It's indisputable that copy machines help offices run more smoothly and efficiently - but not when you're color copiers are always jamming up, beeping, and flashing lights like there's no tomorrow. When color copiers are not running as they should, they can actually make copying time-consuming and insufficient. If you find that you're constantly opening and closing up flaps, fishing out paper, fishing out even more paper, and then closing up paper trays and feeders again, you may want to consider buying new copy machines. There are many varieties of copy machines available on the market, and each machine performs different functions: some are very basic, while others can collate and staple.
Here are some things to look for when choosing copy machines.
1. Color - Obviously, black and white copy machines are cheaper to purchase, but they're more limiting, of course. Think about what you want to be able to do with your copy machines, and whether you'll ever need to print diagrams or illustrations in color - the last thing you want to do is invest in a top of the line black and white copier, only to find you wish you could produce color copies. The per-copy cost for black and white copiers can be as little as 2 cents, while the per-copy cost for color copiers can average at around 20 cents. A color copier requires four different color cartridges to operate: cyan, yellow, magenta, and black.

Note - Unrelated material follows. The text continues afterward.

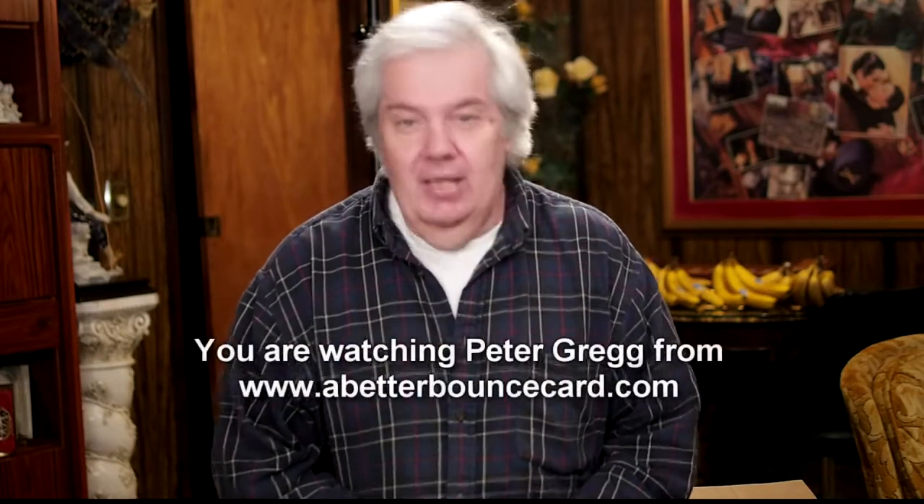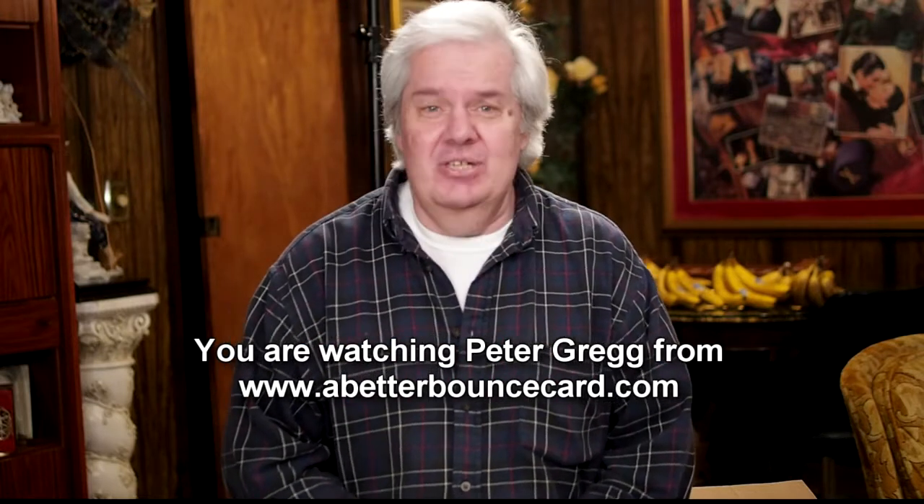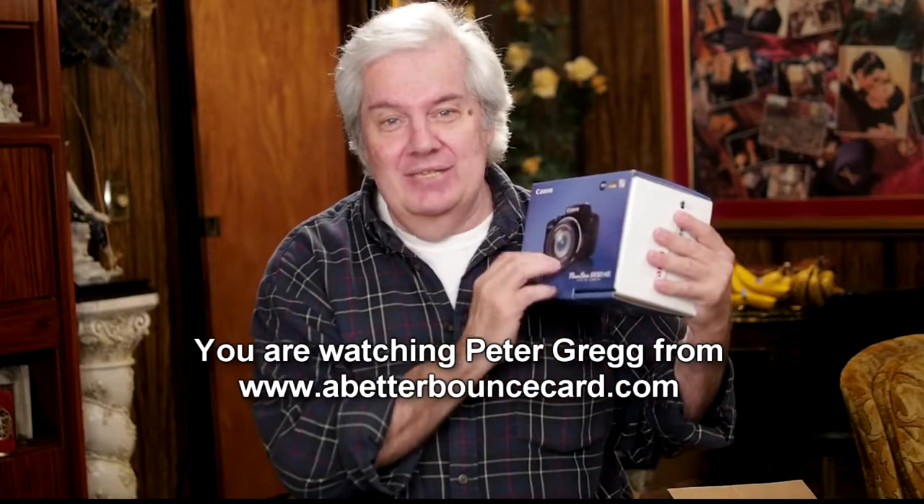Peter Gregg, Miami, Florida. I could not resist. I have enough cameras to go around for a few years, but there's just something about a super zoom that I can't resist — and Canon's new SX50. I had to buy it.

2. Speed - Know the output speed of your copy machines before you buy. If speed and being able to run off copies of lengthy reports quickly is important in your office, then consider going for a copy machine with a higher output speed. Commercial copy machines generally produce around 60 copies per minute, but heavy-duty, high speed machines can produce over 100 copies per minute. Your average home copier produces less than 30 copies per minute.
3. Features - Consider the range of features and functions before settling on a copy machine, as you want to make sure that your copy machine will cater for both your current and future business needs. Some copy machines can collate, stack, sort and staple, others can't. If you're going to be copying a lot of longer documents and manuals in your office, then having copy machines that sorts and staples without fuss is a must. If you want to be able to print, fax and scan, as well as copy, consider a multifunction device, which can easily be connected to any computer network.
4. Paper size - Know your copy machine's paper size capabilities. Every copy machine can handle letter-sized and legal sized paper, but some copy machines can handle larger paper sizes as well, like A3 paper. Copy machines with larger size paper capabilities will come in handy in offices which have to review proofs, images or quickly produce flyers and posters, such as marketing and communication departments.